Kellam on Monday said the cause of death was an “apparent brain bleed.”
Jordan-Berenis, deeply respected by many in Santa Fe’s homeless community, operated the shelter — also called Pete’s Place — for about seven years.
Jordan-Berenis, 75, had retired in April and moved to Rhinebeck, N.Y., to be closer to his daughter, who was expecting her first child, Kellam said. He had agreed 10 weeks after departing to continue directing the shelter’s operations after the organization struggled to find his successor.
His death came as a shock, said Kellam, adding that Jordan-Berenis was one of her best friends and one of the “kindest and most compassionate” people she’d ever known.
“Joe’s passing was devastating news — for the shelter, for the community and for me, personally,” Interfaith Community Shelter board chairman and volunteer Len Rand wrote in an email Monday. “He will be sorely missed as a capable advocate for the homeless and as a good friend. Joe was one of the truly good human beings it has been my honor to know.”
Jordan-Berenis’ career serving individuals experiencing homelessness began at an agency that grew out of the Woodstock Festival in New York in 1969, according to an announcement the shelter released when he retired. He joined Family of Woodstock in 1980, serving as a counselor program director and, ultimately, the organization’s executive director.
He once said the Family of Woodstock was based on a philosophy of being nonjudgemental and nondirective, “meaning you don’t tell people what to do, you offer them choices, and they decide.” He brought that philosophy with him to the Interfaith shelter.

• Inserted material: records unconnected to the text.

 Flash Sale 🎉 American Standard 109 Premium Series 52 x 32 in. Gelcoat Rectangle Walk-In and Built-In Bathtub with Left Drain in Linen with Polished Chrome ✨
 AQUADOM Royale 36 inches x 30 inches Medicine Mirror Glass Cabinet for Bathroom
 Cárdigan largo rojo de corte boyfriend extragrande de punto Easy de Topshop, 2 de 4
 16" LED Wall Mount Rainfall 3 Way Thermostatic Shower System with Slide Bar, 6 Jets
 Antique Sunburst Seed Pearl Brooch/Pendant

In a My View published in The New Mexican in February, Guy Gronquist wrote Jordan-Berenis remained calm but firm.
“His mantra remains to treat everyone with respect and to meet them where they are,” Gronquist wrote. “He is compassionate, fair and even-handed.”

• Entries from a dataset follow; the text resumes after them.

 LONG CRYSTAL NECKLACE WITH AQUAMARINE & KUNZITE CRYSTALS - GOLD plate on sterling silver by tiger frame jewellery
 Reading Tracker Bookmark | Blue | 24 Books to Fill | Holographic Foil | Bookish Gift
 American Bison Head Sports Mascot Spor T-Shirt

Some of the dozen or so people waiting outside the gate for the shelter to open Monday knew Jordan-Berenis by name and remembered him as someone who truly listened to them.
“He was a very good human being,” said Jose Rodriguez, 34, who said he’s been getting assistance with food and shelter from Pete’s Place for about three years. “He was very kind to all of us. He helped us out with food and clothes. It seemed like he cared about us, which is rare for the homeless.”
Interfaith Shelter case manager Clinton Herring said Jordan-Berenis turned the shelter from a dangerous place into one that was loving and safe and was a role model for him and others who work with “a very difficult population.”
“I never saw him lose his temper or get angry,” Herring said Monday, before pausing to answer a call from Kellam about how things were going at the shelter.
The pain of losing their friend was evident in both their voices.
“We’re not falling apart here,” Herring assured Kellam, “just inside.”
Jordan-Berenis’ family could not be reached for comment or information on funeral services late Monday.